Geneve Ong ’14 never expected to be helping Singapore address a pandemic when she became the senior assistant director of strategic planning at the country’s Ministry of National Development. However, during the COVID-19 pandemic, most of her time has been spent helping to find relocation options for people who are unable to shelter in place safely.
“My role has changed pretty dramatically during the COVID-19 crisis — I like to think about what I do now in the context of peacetime versus wartime,” Ong says. “Right now, we’re in wartime.”
In “peacetime,” Ong leads urban planning for all of Singapore. The island nation, which is about four times smaller than Rhode Island, has a population of 5.7 million people. Rhode Island, by comparison, has a little more than 1 million people.
“It’s dense,” says Ong. “My team is responsible for the planning that allows people to live comfortably in a dense, urban environment.”
That entails creating plans for public housing, transportation and parks, among many other parts of city living.
Now her role involves placing Singapore residents with a high risk of contracting COVID-19 in places where they can quarantine safely.

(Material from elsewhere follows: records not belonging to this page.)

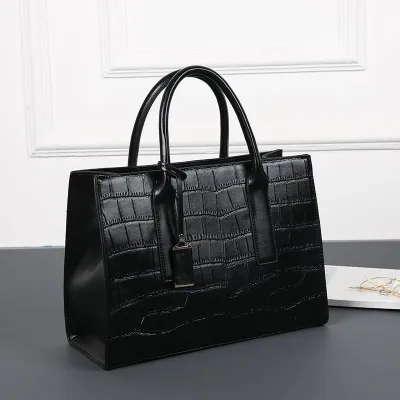 Women Fashion Large-Capacity Crocodile Pattern PU Shoulder Handbag Tote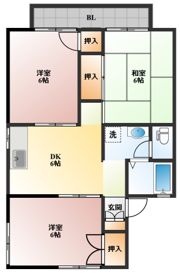 プレジール堀溝B棟の間取り画像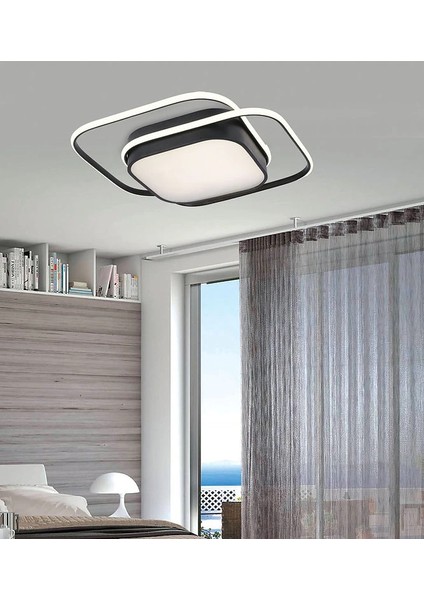 Ikili Kare LED Plafonyer Avize Üç Renkli Siyah Renkli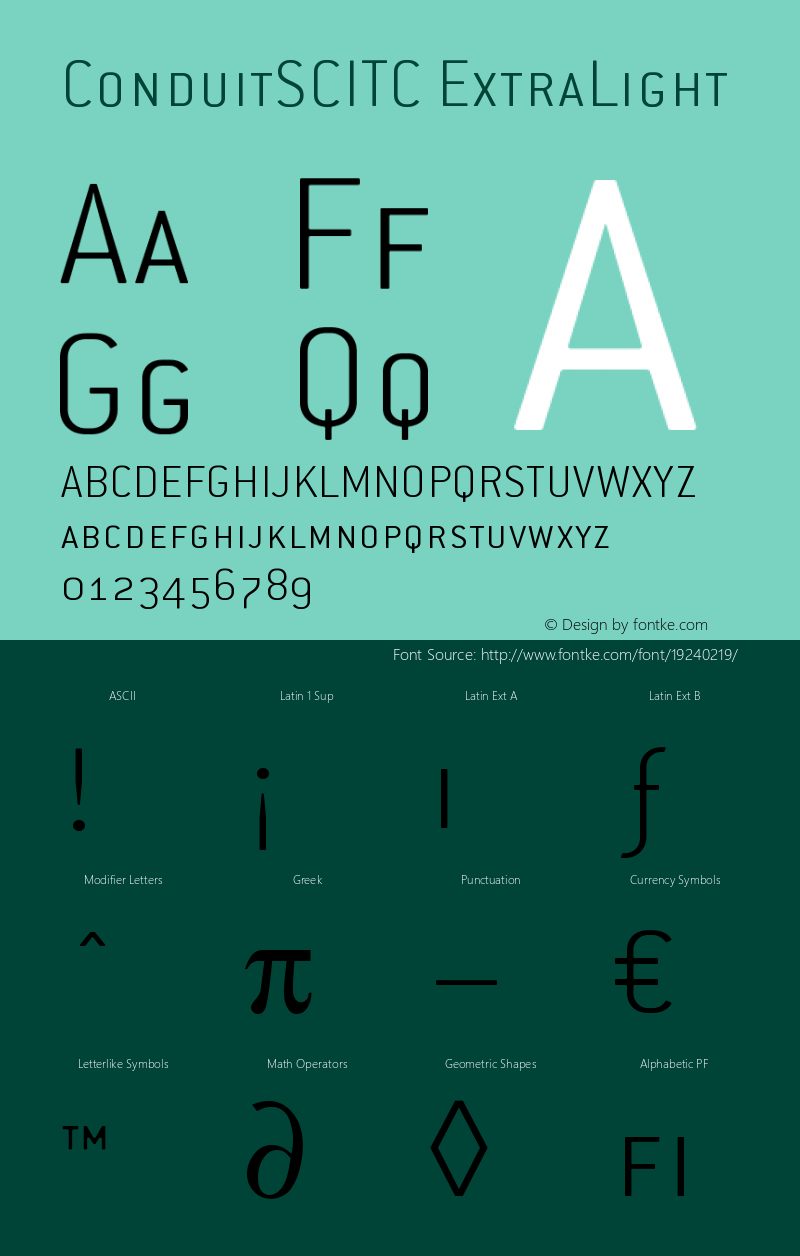 ConduitSCITC-ExtraLight Version 001.000 Font Sample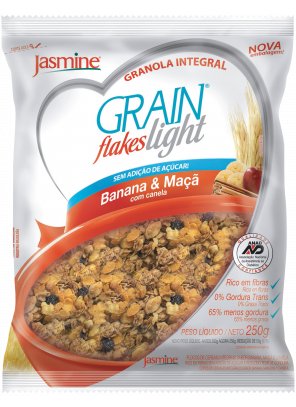 GRANOLA_banana e maca.png - Grain Flakes Light Banana & Maça com CanelaSem adição de açúcar;65% Menos gordura ;Ingredientes: Flocos de aveia, crispies de arroz, extrato de malte, germe e fibra de trigo, flocos de milho, óleo de milho, banana desidratada, maçã em cubos, flocos de arroz, aromas, edulcorante natural steviosídeo e canela em pó.CONTÉM GLÚTENDisponível nas versões: 250g.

“Safe distancing is really a luxury,” says Ong. “In low-income and vulnerable communities we see a lot more people living under one roof. It’s a lot harder to distance yourself at home when you don’t have the personal space to do so.”
Ong’s work now primarily involves interviewing people who have tested positive for COVID-19 to understand who they may have come into contact with and whether those contacts are also at risk of contracting the illness. At the same time, she develops partnerships with hotels, campsites, holiday homes and other places that might be in low demand and able to offer temporary housing.
Tough conversations are part of the job, and Ong credits her degree in communication studies from Northwestern with helping to prepare her for her current role.
“There is a lot of negotiation in urban planning, and negotiation is not typically something that comes naturally to people,” says Ong. “I still use the negotiation and communication strategies I learned at Northwestern all the time.”
Singapore was impacted by the SARS outbreak from 2002 to 2004, and since then the country has been preparing for a similar outbreak. Even so, says Ong, COVID-19 presents its own set of challenges.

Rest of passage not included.